How should I approach troubleshooting non-specific binding when using AMMECR1 antibodies?

Non-specific binding is a common challenge in antibody-based applications. For AMMECR1 antibodies, consider the following systematic troubleshooting approach:

• Optimize blocking conditions:

  • Test different blocking agents (BSA, normal serum, commercial blockers).

  • Increase blocking time or concentration if background remains high.

  • Consider adding protein (0.1-0.5% BSA) to antibody dilution buffers.

• Antibody dilution optimization:

  • Perform a dilution series to identify the optimal concentration that maximizes specific signal while minimizing background.

  • For polyclonal AMMECR1 antibodies (typically provided at 0.05 mg/ml), start with the manufacturer's recommended dilution and adjust as needed .

• Washing protocol refinement:

  • Increase washing duration or number of washes.

  • Add detergents (0.1-0.5% Tween-20) to wash buffers to reduce hydrophobic interactions.

  • Consider automated washing systems for consistent results.

• Cross-reactivity assessment:

  • Test the antibody on samples known to be negative for AMMECR1.

  • For immunoprecipitation experiments, include pre-clearing steps to remove non-specific binding proteins.

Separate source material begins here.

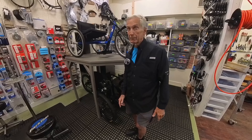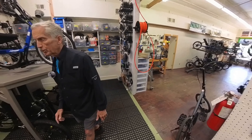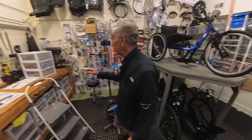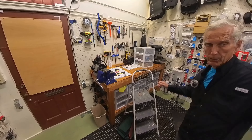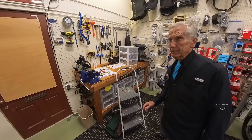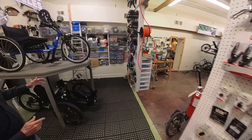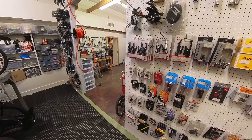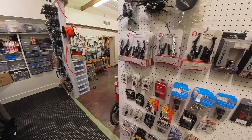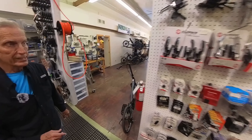He is one strong son of a gun. This also doubles as our parts room, and we have another mechanic stand here. This is where the guys usually work on the bikes. This is parts that customers don't really need to see displayed. Life Strike break pads — yes.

  • Consider using monoclonal antibodies if available, which may offer higher specificity.

• Fixation and antigen retrieval optimization:

  • For IHC/IF applications, compare different fixation methods.

  • Test various antigen retrieval protocols (pH ranges, heat-induced vs. enzymatic).

  • Optimize incubation times and temperatures.

• Detection system considerations:

  • Compare direct vs. indirect detection methods.

  • Test alternative secondary antibodies if using indirect detection.

  • For fluorescent applications, include appropriate controls for autofluorescence.